Spores of fungus, Candida albicans

The long strands are the tubular filaments (hyphae) that have developed from the fungal spores. Yeast cells (rounded, yellow) are budding from the ends of the hyphae (red). Candida albicans causes the infection known as candidiasis which affects the moist mucous membranes of the body, such as skin folds, mouth, respiratory tract and vagina. Oral and vaginal conditions are known as thrush.

More about fungi

Observing fungi in a petri dish

Students should examine cultures in containers, which have been taped and closed. Colony morphology is a method that scientists use to describe the characteristics of an individual colony of fungi growing on agar in a Petri dish. It can be used to help to identify them.

  1. Colony morphology

  2. A circular piece of bread that has been allowed to go mouldy

    Plate 1 contains a circular piece of bread that has been allowed to go mouldy. There is overgrowth on the plate and many different mould species can be seen. In between the two plates is a toothpick which was used to isolate the spores from one of the moulds from plate 1. The mould spores from the toothpick were inoculated onto malt extract agar, plate 2. Use the diagrams on colony morphology to help you interpret plate 2.

  3. Two malt extract agar plates

    Two malt extract agar plates were exposed to the air outdoors and two malt extract plates were exposed to the air indoors. Use the diagrams on colony morphology to help you interpret the plates. Why do you think there are more moulds on the plates exposed to the outdoor air than the indoor air?

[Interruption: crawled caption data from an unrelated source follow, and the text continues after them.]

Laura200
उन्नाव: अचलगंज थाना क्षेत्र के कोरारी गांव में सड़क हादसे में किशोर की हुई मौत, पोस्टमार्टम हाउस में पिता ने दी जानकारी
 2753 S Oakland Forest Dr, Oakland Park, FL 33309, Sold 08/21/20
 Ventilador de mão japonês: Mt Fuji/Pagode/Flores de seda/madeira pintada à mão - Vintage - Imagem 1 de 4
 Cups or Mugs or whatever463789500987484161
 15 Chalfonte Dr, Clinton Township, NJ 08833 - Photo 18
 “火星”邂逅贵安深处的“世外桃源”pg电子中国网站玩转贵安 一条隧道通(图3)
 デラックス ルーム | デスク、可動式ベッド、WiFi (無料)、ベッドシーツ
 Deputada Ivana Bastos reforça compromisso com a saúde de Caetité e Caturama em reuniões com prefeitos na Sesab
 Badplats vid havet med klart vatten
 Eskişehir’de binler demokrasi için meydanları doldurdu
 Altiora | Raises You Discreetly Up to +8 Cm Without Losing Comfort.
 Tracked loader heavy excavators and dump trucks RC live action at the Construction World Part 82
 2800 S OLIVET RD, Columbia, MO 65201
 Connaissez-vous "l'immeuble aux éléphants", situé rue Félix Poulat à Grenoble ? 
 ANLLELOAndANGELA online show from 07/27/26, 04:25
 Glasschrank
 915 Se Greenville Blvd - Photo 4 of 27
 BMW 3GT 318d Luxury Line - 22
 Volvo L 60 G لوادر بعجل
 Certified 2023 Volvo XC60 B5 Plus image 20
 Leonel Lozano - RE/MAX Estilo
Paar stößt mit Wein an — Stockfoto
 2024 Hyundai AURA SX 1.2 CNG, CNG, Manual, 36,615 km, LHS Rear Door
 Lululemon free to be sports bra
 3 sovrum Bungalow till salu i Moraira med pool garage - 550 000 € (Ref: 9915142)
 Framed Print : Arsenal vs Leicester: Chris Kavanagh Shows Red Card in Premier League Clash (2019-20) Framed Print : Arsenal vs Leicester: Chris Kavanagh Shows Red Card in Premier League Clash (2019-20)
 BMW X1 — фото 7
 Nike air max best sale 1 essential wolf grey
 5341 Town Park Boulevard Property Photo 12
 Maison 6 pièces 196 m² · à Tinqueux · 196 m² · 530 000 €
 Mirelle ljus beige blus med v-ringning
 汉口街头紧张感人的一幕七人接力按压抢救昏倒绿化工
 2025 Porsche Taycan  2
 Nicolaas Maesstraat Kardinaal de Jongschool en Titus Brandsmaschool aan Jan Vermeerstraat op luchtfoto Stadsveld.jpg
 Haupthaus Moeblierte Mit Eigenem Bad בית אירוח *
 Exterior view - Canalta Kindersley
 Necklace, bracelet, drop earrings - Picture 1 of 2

    © Microbiology Society

  4. An excellent example of fungal mycelium

    An excellent example of fungal mycelium. Use the diagrams on colony morphology to help you interpret the plate.

Different types of fungi will produce different-looking colonies, some colonies may be coloured, some colonies are circular in shape, and others are irregular. A specific terminology is used to describe common colony types. These are:

  • Form - What is the basic shape of the colony? For example, circular, filamentous, etc.
  • Size – The diameter of the colony. Tiny colonies are referred to as punctiform
  • Elevation - This describes the side view of a colony. Turn the Petri dish on end.
  • Margin/border – The edge of a colony. What is the magnified shape of the edge of the colony?
  • Surface - How does the surface of the colony appear? For example, smooth, glistening, rough, wrinkled, or dull.
  • Opacity - For example, transparent (clear), opaque, translucent (like looking through frosted glass), etc.
  • Colour - (pigmentation) - For example, white, buff, red, purple, etc.

Yeast colonies are very similar to bacterial colonies.

Moulds often have fuzzy edges. They usually turn into a different colour, from the centre outwards.